Domagk was born in Lagow, Brandenburg, the son of a school headmaster. Until he was 14, he attended school in Sommerfeld (now Lubsko, Poland). Domagk studied medicine at the University of Kiel, but volunteered to serve as a soldier in World War I, where he was wounded in December 1914, working the rest of the war as medic. After the war, he finished his studies, and worked at the University of Greifswald, where he researched infections caused by bacteria. In 1925, he followed his professor Walter Gross to the University of Münster (WWU) and became professor there himself. He also started working at the Bayer laboratories at Wuppertal. The same year, he married Gertrud Strübe. Later they would have three sons and a daughter.

He was appointed the director of Bayer's Institute of Pathology and Bacteriology, where he continued the studies of Josef Klarer and Fritz Mietzsch, based on works by Paul Ehrlich, to use dyes, at that time a major product of IG Farben, as antibiotics. He found the sulfonamide Prontosil to be effective against streptococcus, and treated his own daughter with it, saving her the amputation of an arm.
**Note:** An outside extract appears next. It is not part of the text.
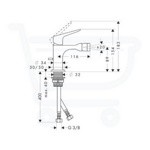 Смеситель для биде Axor Citterio M- фото3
In 1939, Domagk received the Nobel Prize in Medicine for this discovery, the first drug effective against bacterial infections. He was forced by the Nazi regime to refuse the prize and was arrested by the Gestapo for a week. [1][2][3] (This was because the Nazi-critical Carl von Ossietzky had won the Nobel Peace Prize in 1935, which had angered the German government and resulted in German nationals not being permitted by law to accept the Nobel Prize.[3]) Sulfonamides became a revolutionary weapon at the time, surpassing phage therapy, but were later replaced by penicillin, which showed both better effects and fewer side effects (sulfonamides can cause kidney stones and changes in bone marrow). Domagk's work on sulfonamides eventually led to the development of the antituberculosis drugs thiosemicarbazone and isoniazid, which helped to curb the epidemic of tuberculosis which swept Europe after World War II.
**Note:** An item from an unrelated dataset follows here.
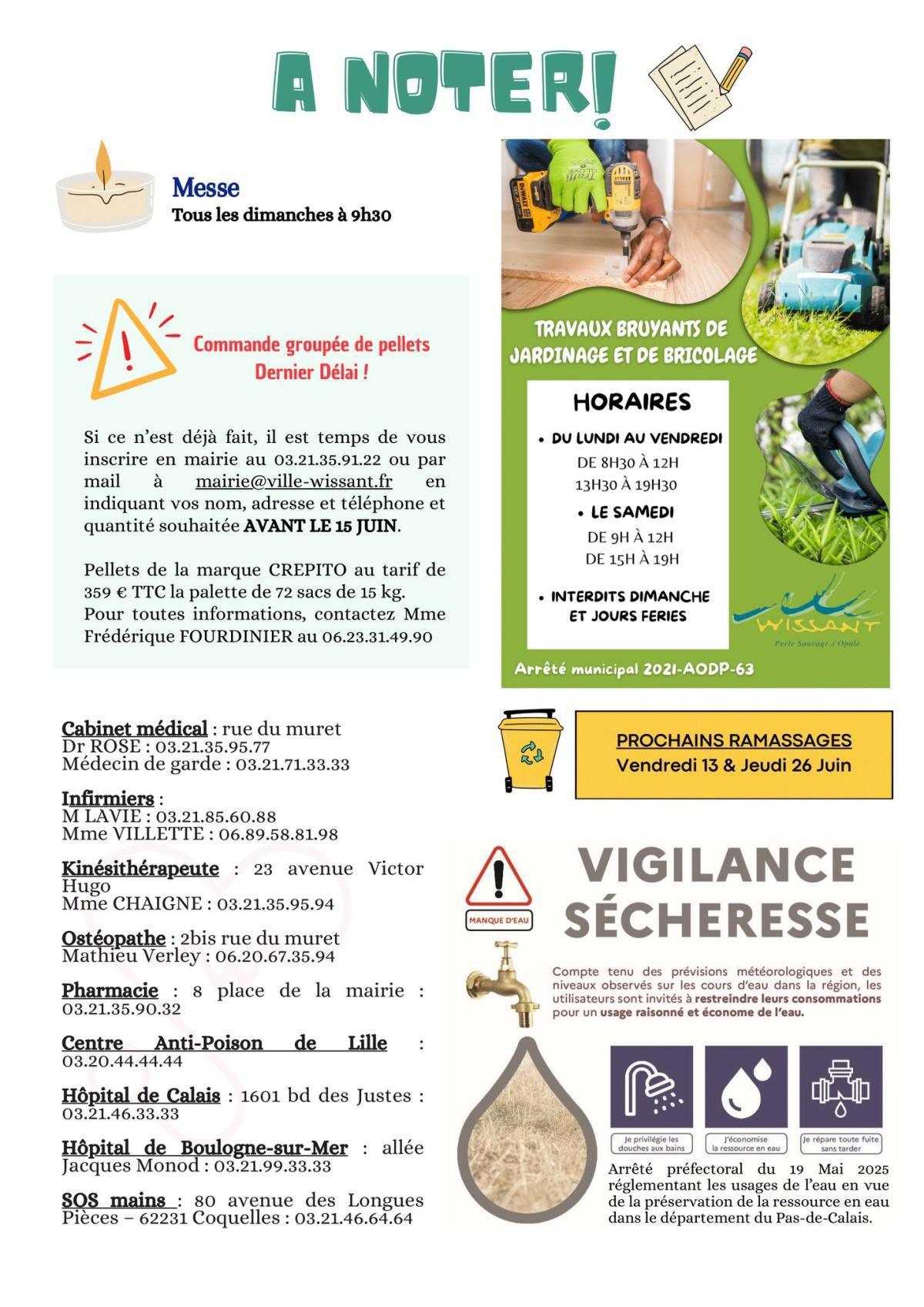 Le Lien Wissantais de Juin 2025 est en ligne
After the war, in 1947, Domagk was finally able to receive his Nobel Prize, but not the monetary portion of the prize due to the time that had elapsed.

He became FRS in 1959 such that his short biography was published by the Royal Society in 1964. [4][5] He changed his focus to tuberculosis and chemotherapy against cancer. He continued to live and work in Wuppertal. Domagk died in Burgberg near Königsfeld, Schwarzwald.

References

  1. ^ Thomas Hager, The Demon Under the Microscope (2006) ISBN 1400082137 (cited in "The Saga of a Sulfa Drug Pioneer" - NPR Weekend Edition 23 December 2006)
  2. ^ NobelPrize.org
  3. ^ a b Schück, Henrik; Ragnar Sohlman, Anders Österling, Göran Liljestrand, Arne Westgren, Manne Siegbahn, August Schou, Nils K. Ståhle (1950). "The Prize in Physiology and Medicine: The Nobel Prizes in Wartime". in Nobel Foundation. Nobel: The Man and His Prizes. Stockholm: Klara Civiltryckeri. pp. 167–179. 
  4. ^ L. Colebrook, Gerhard Domagk, Biog Mem. Fellows Roy. Soc., vol. 10 (1964), pp. 39-50.
  5. ^ Schück, Henrik; Ragnar Sohlman, Anders Österling, Göran Liljestrand, Arne Westgren, Manne Siegbahn, August Schou, Nils K. Ståhle (1950). "The Prize in Physiology and Medicine: The Nobel Prizes in Wartime". in Nobel Foundation. Nobel: The Man and His Prizes. Stockholm: Klara Civiltryckeri. pp. 167–179.